一方の残余部45Aと他方の残余部45Bは巻線45が環状コア46に巻回開始された部分から接近して取出される。取出された巻線45の一方の残余部45Aと他方の残余部45Bの余分な部分は切断される。

Claims (4)

  1. 環状コアと、前記環状コアに巻かれる巻線とを準備する工程と、
    前記巻線の一端付近を固定し、前記環状コアを一方側に貫通して突出する前記巻線の他端付近を第1クランプで固定し、前記環状コアをコアクランプ機構に固定する工程と、
    前記環状コアの一方側にて前記第1クランプで前記巻線を固定し、前記コアクランプ機構を前記第1クランプから離間する方向に移動させ、前記環状コアと前記第1クランプとを離間させて前記巻線を前記環状コアに巻回する工程と、
    前記環状コアと前記第1クランプとを接近させて前記巻線を緩め、前記第1クランプを回転させて前記巻線をループ状に曲げて前記巻線の他端を前記環状コアの他方側に貫通させる工程と、
    前記環状コアの他方側で、前記巻線の他端付近を第2クランプで固定し、前記コアクランプ機構を前記第2クランプから離間する方向に移動させ、前記巻線を前記環状コアに巻回する工程と、
    前記環状コアの他方側で前記巻線を前記第1クランプで固定し、前記第2クランプによる前記巻線の固定を解除する工程と、
    前記第1クランプを、前記環状コアの下方を経由して、前記環状コアの他方側から一方側まで移動させ、前記第1クランプで前記巻線を固定し、前記コアクランプ機構を前記第1クランプから離間する方向に移動させ、前記環状コアと前記第1クランプとを離間させて前記巻線を前記環状コアに巻回する工程と、
    を備えることを特徴とするトロイダルコイルの製造方法。
  2. 前記巻線の前記他端側を前記環状コアに巻回した後、前記巻線の前記一端付近を前記第1クランプで固定し、前記巻線の前記一端側を同様に前記環状コアに巻回する工程と、
    を更に備えることを特徴とする請求項1に記載のトロイダルコイルの製造方法。
  3. 前記巻線の前記他端側の巻線方向と、前記巻線の前記一端側の巻回方向とを、逆方向にすることを特徴とする請求項2に記載のトロイダルコイルの製造方法。

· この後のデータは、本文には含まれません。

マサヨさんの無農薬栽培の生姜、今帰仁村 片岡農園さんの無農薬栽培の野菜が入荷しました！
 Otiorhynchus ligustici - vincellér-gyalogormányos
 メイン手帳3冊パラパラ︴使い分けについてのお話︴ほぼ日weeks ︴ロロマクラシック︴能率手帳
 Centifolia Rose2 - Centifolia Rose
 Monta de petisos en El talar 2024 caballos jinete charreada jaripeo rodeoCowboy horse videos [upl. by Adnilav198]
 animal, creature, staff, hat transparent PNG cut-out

  4. 前記巻線の前記他端側は前記環状コアの初期位置から巻回が開始されて所定ピッチで円周方向の一方向に送られて反転してピッチ間に巻回されて前記初期位置に戻り、
    次に前記環状コアに巻回される前記巻線の前記一端側は前記環状コアの前記初期位置から巻回が開始されて所定ピッチで円周方向の逆方向に送られて反転してピッチ間に巻回されて前記初期位置に戻り、
    前記巻線の両側の残余部が前記初期位置の近傍から導出することを特徴とする請求項1から請求項3の何れかに記載のトロイダルコイルの製造方法。